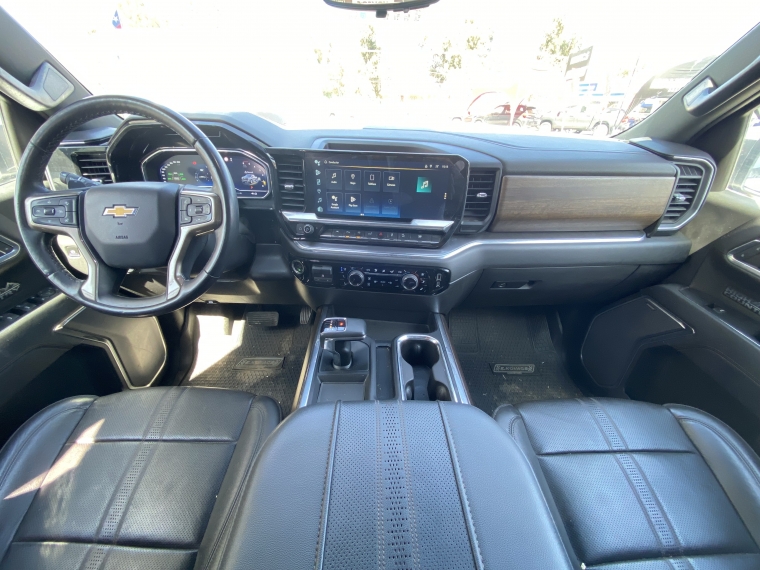 Chevrolet Silverado 3.0 Td High Country At 4x4 Diesel 2023 Usado  Usado en Kovacs Usados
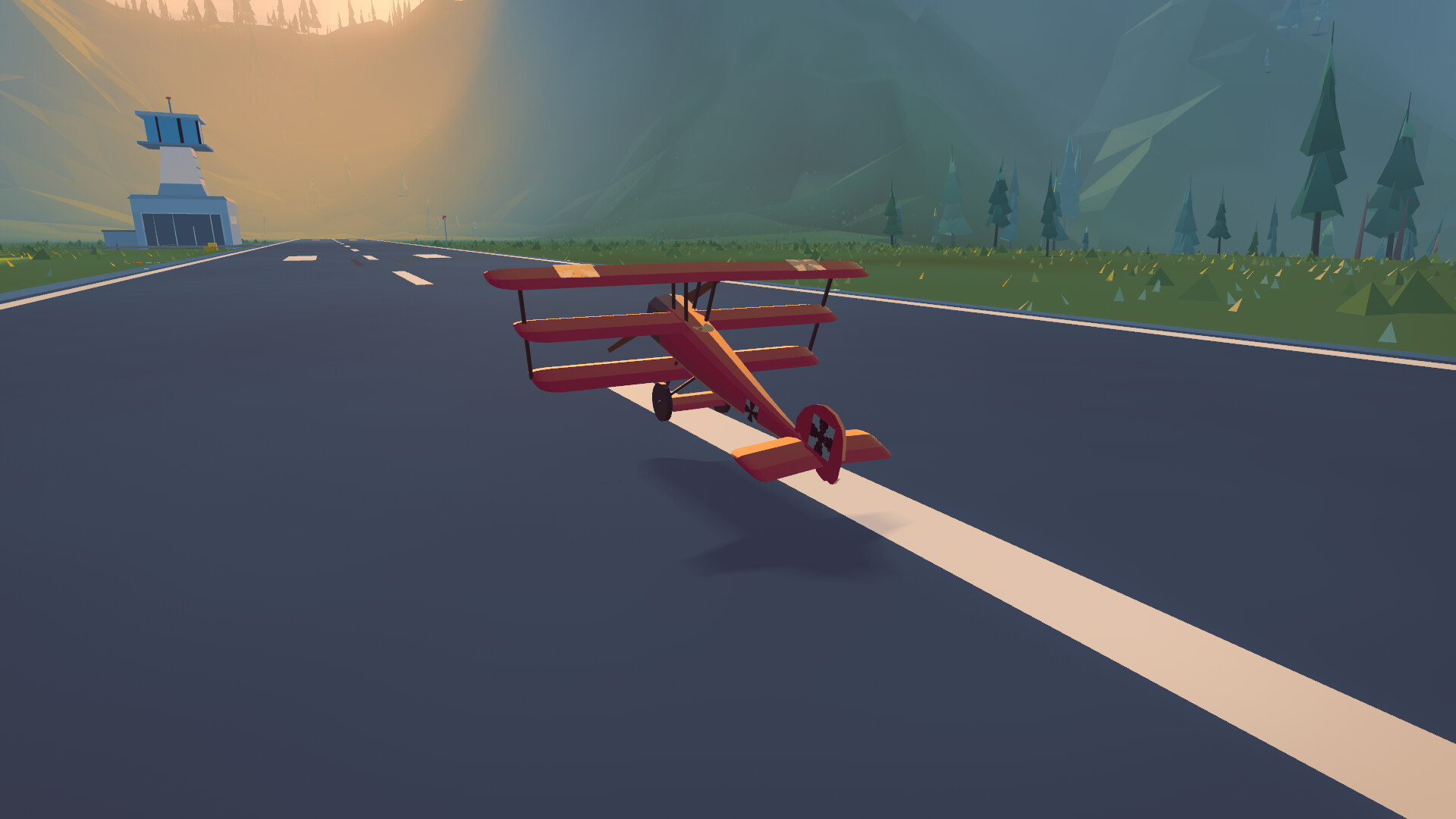 Sunday Fighter Pilot screenshot 2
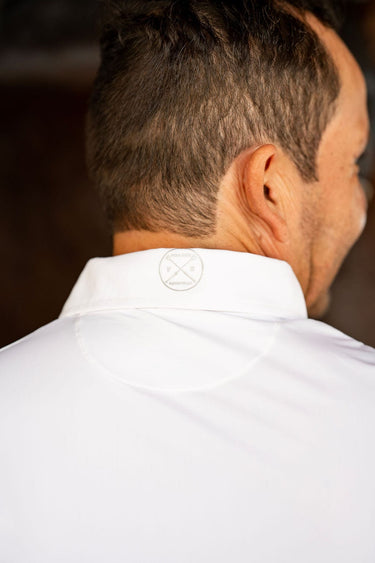 Men's Competition Shirt | White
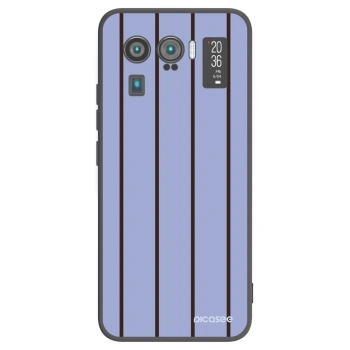 Picasee Μαύρη θήκη σιλικόνης για Xiaomi Mi 11 Ultra - Poolside member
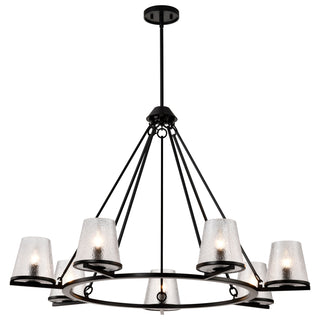 VALENTINE 7 LIGHT CHANDELIER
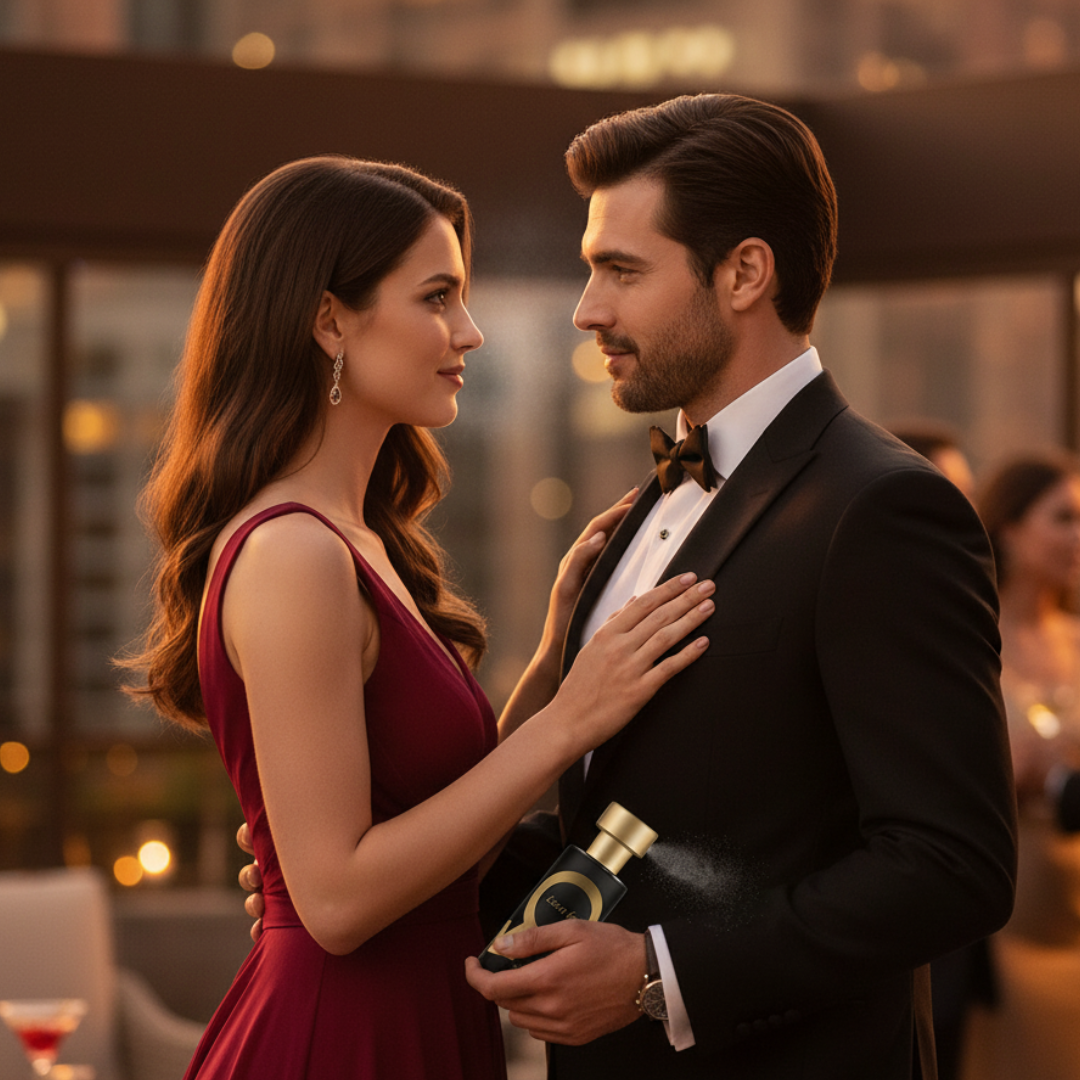 Dorinda | Lure Perfume – Long-Lasting Unisex Scent UK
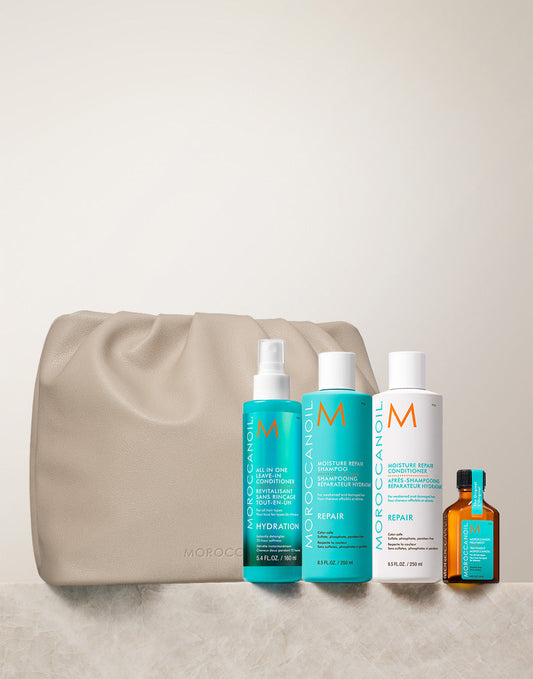 Moroccanoil | Holiday Moisture Repair Gift Set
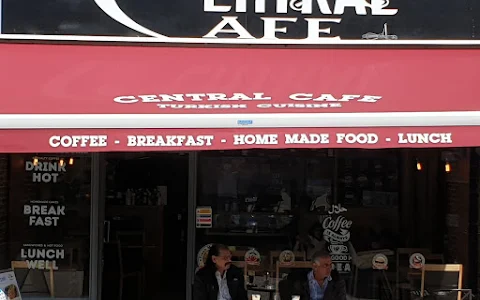 Central cafe Dewsbury image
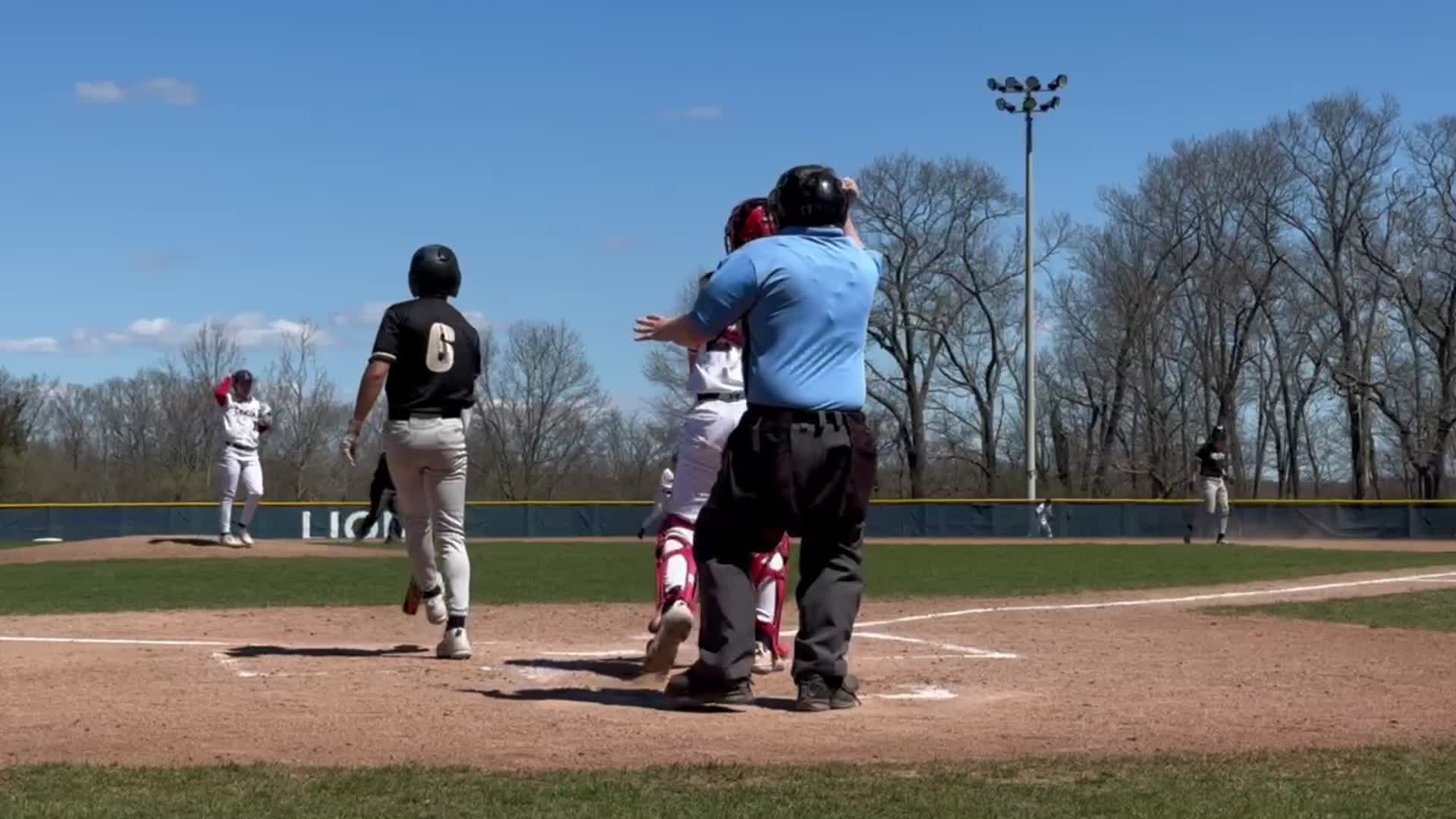 Baseball Recap: Lincoln Drops Season-High Score on Smithfield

———

▸ Work instructions
Every line between the one containing "Dorinda | Lure" and the last line of the data above, both included, should be copied exactly, but not the pictures.

▸ Reply
 Dorinda | Lure Perfume – Long-Lasting Unisex Scent UK
 Moroccanoil | Holiday Moisture Repair Gift Set
 Central cafe Dewsbury image
 Baseball Recap: Lincoln Drops Season-High Score on Smithfield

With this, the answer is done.